Nel libro « Introduzione al Cristianesimo », ripubblicato nel 2000 dall'allora cardinale Joseph Ratzinger, nel presentare la croce come rivelazione sia dell'uomo che di Dio, l'Autore riporta un singolare presentimento della filosofia greca: l'immagine del giusto crocifisso descrittaci da Platone ben 400 anni prima di Cristo.

Secondo questo insigne pensatore, il vero giusto deve essere in questo mondo un misconosciuto e perseguitato: « Direte quindi che, stando così le cose, il giusto verrà flagellato, torturato, gettato in catene, accecato col ferro rovente, e infine, dopo tutto questo scempio, finirà per essere crocifisso … ».3

Come non rilevare che questo testo, espressione di uno dei più insigni pensatori di tutti i tempi, è patrimonio della sapienza universale, e proprio nel crocifisso cristiano ha trovato la sua attuazione?

Si vorrebbe quindi escludere proprio il segno che rappresenta, secondo Platone, la giustizia dell'umanità?

Concludiamo con un testo di Natalia Ginzburg: « Il crocifisso è il segno del dolore umano.

La corona di spine, i chiodi, evocano le sue sofferenze.

La croce che pensiamo alta in cima al monte, è il segno della solitudine nella morte.

Non conosco altri segni che diano con tanta forza il senso del nostro umano destino.

Il crocifisso fa parte della storia del mondo.

Per i cattolici, Gesù Cristo è il figlio di Dio.

Per i non cattolici, può essere semplicemente l'immagine di uno che è stato venduto, tradito, martoriato ed è morto sulla croce per amore di Dio e del prossimo ».4

Non occorrono altre parole, specie per noi che adoriamo il Crocifisso come Figlio di Dio, per contemplarlo, pregarlo, esprimergli il nostro amore, riponendo le nostre sofferenze nelle sue, per le vocazioni sacerdotali, religiose e laicali, e anche in spirito di riparazione per le offese che continuano ad essergli rivolte.

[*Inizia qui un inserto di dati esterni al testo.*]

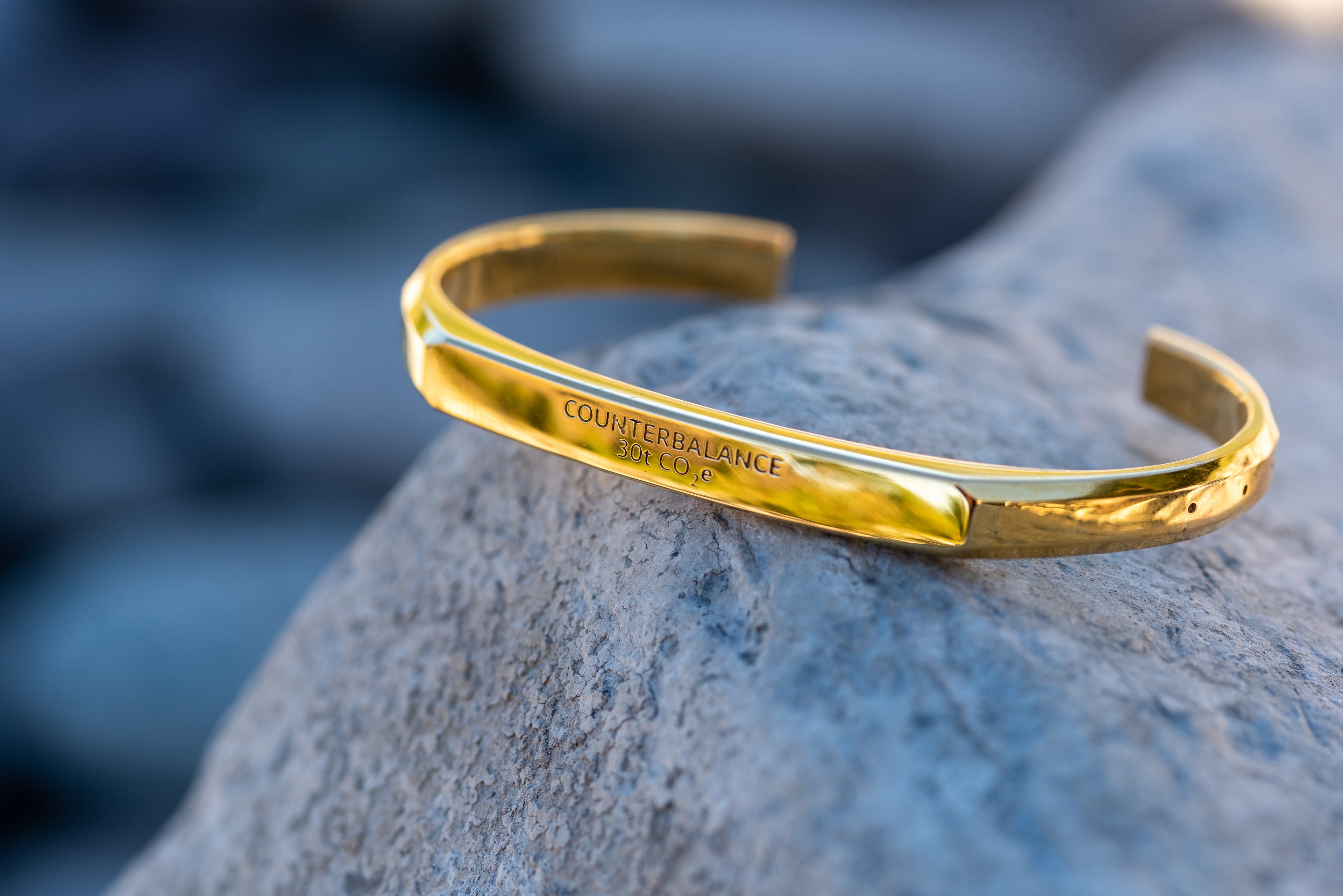 a gold counterbalance bracelet engraved with "30t CO2e" sits upon a grey blue rock. 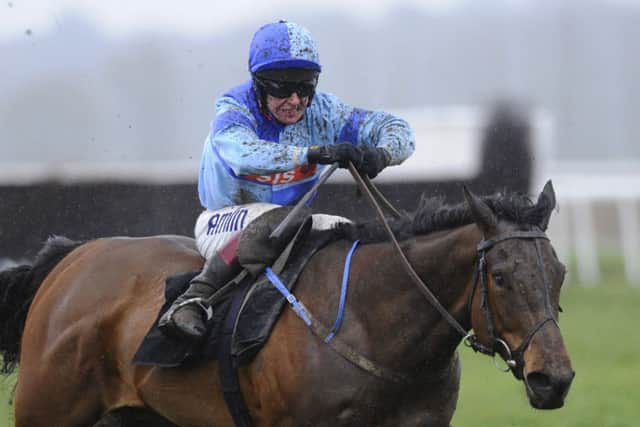 Richard Johnson rides Whispering Harry to victory at Newbury yesterday. Picture: Getty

1 Le citazioni di questo articolo - salvo quella di Platone - sono state tratte dagli ampi servizi dedicati all'argomento dai quotidiani « Avvenire » del 4 e di 5 novembre u. sc., segnatamente alle recensioni di Salvatore Mazza, che ringraziamo.

2 Trattasi del libro « Il sale della terra. Cristianesimo e Chiesa cattolica nel XXI secolo » ( San Paolo ), edito la prima volta nel 1996, citato da « Avvenire ».

3 J. Ratzinger, « Introduzione al Cristianesimo », Queriniana, pagg. 282 - 283.

Il brano di Platone è tratto da Politela II, 361e - 362°.

4 Testo pubblicato su L'Unità del 22 marzo 1988.